Architecture for Artificial Intelligence in Operational Process ControlCopyright: © IAT
Digitalization is a driving force for the application of artificial intelligence in an industrial context. Especially in the last decade, new and optimized machine learning methods, corresponding tools and the associated powerful as well as more cost-effective hardware became available. But the utilization in industrial applications faces some challenges, especially due to constraints from the field of "Operational Technologies", such as availability, robustness, durability, maintainability, etc.

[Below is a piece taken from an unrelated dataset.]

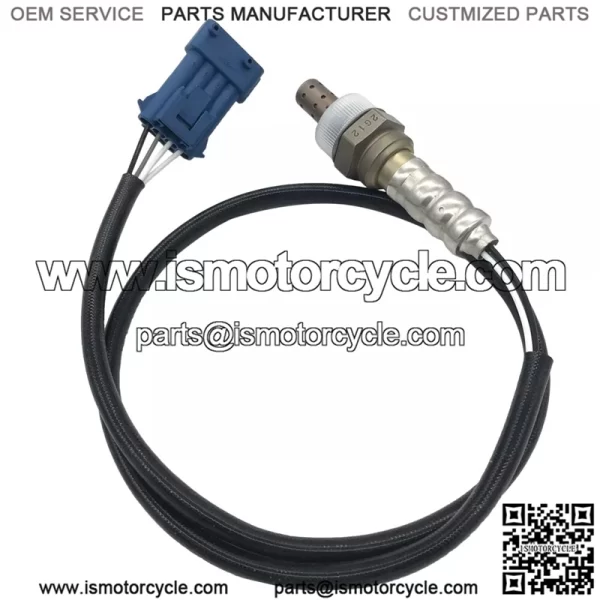 Oxygen Sensor (Front Left) 11787599942  for BMW 16 3 Series 1.6T - Image 3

In order to close the gap between the new machine learning methods and their use in industrial production, models trained in this way must be integrated into current process control systems. Besides the pure technical integration, an adaptation to existing standards, their interfaces, protocols and behavior patterns is a core task in order to guarantee a uniform process control with and without AI support. At the Chair of Information and Automation Systems for Process and Material Technology we conduct research on the mapping of standardized state machines, such as ANSI/ISA-88 (PackML) and interfaces, which are developed especially in the context of a component-based control architecture. In doing so, the chair builds on its many years of experience with so-called process control components and continues to develop them in the context of Industry 4.0 in the BaSys4.0, BaSys 4.2 and BaSys4Brenner projects and demonstrators, among others. Research into the integration of results from machine learning, in particular reinforcement learning, by means of services (driving modes) in process control components will thus enable a step-by-step migration to a changeable but at the same time industry-compliant architecture for artificial intelligence in operational process control in the future.